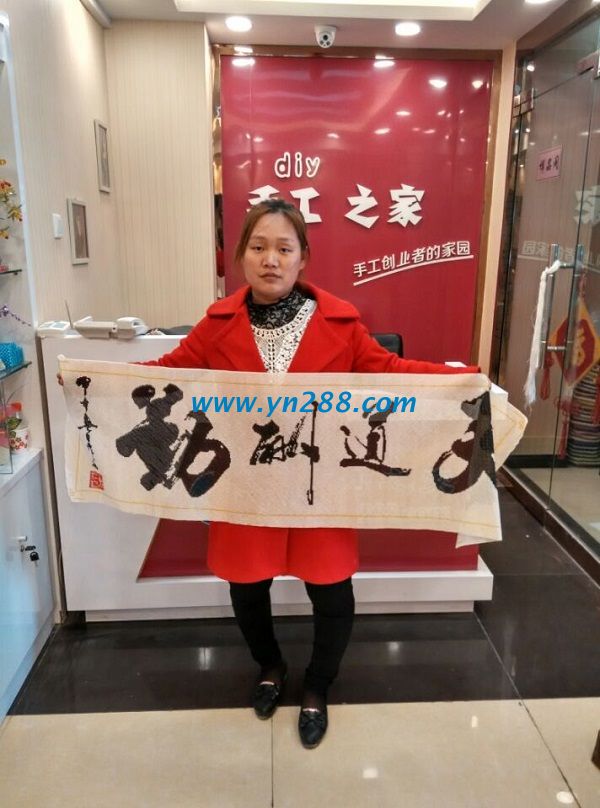 邯鄲魏縣胡女士試做珠繡成功，公司當(dāng)場支付加工費(fèi)(圖1)
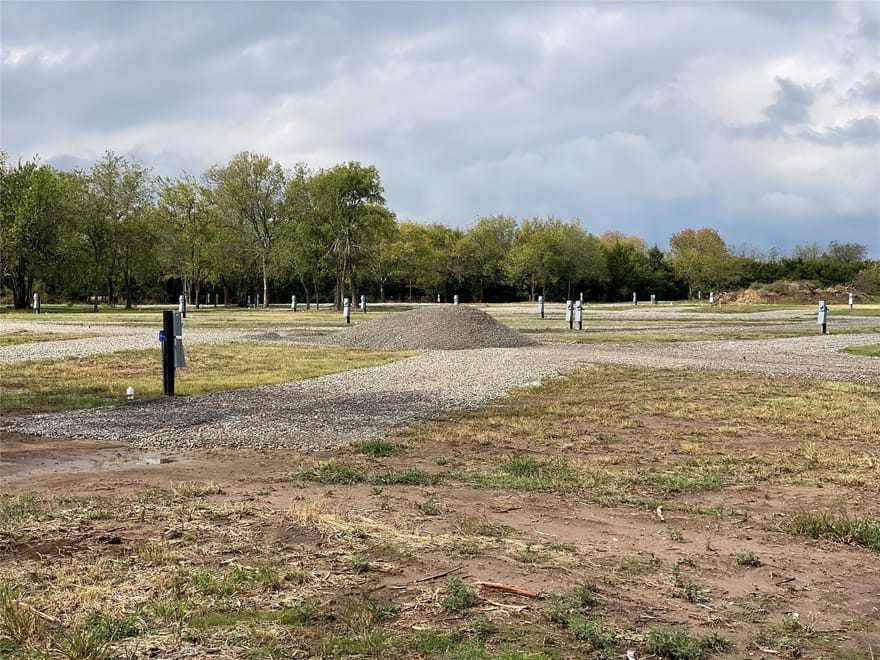 2141 Hwy 64, Ladonia, Texas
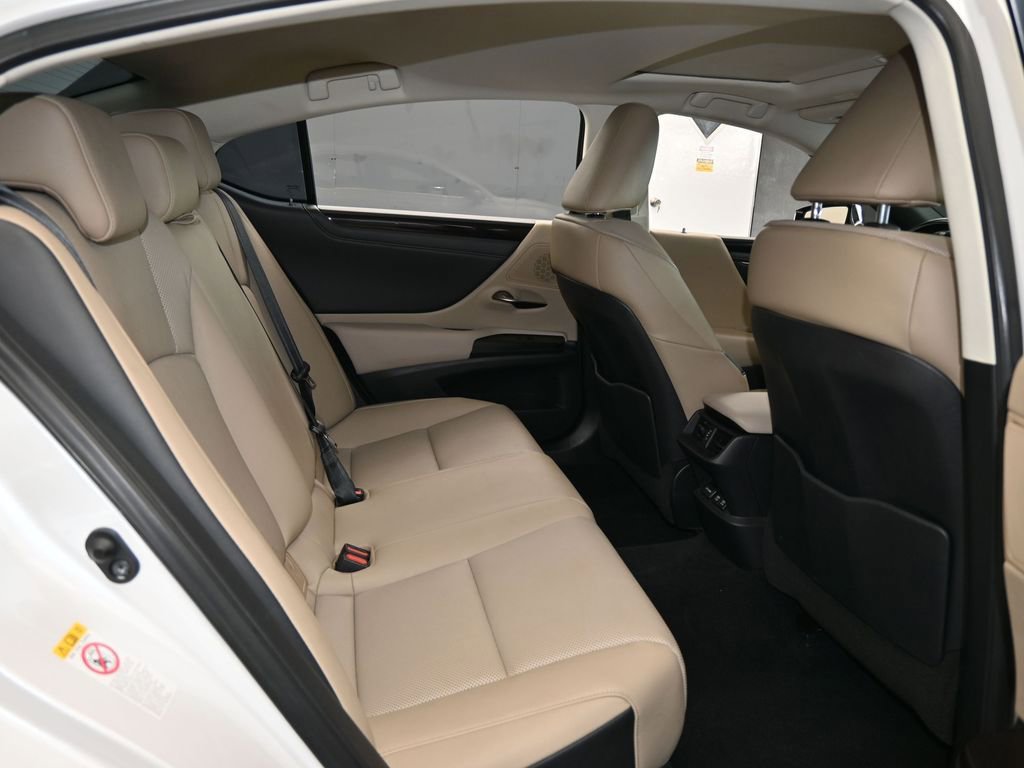 Used 2019 Lexus ES 350 w/ Premium Package image 49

**Required work:**
Once the pictures are set aside, please reproduce the remaining material word for word.

**The completed task:**
 邯鄲魏縣胡女士試做珠繡成功，公司當(dāng)場支付加工費(fèi)(圖1)
 2141 Hwy 64, Ladonia, Texas
 Used 2019 Lexus ES 350 w/ Premium Package image 49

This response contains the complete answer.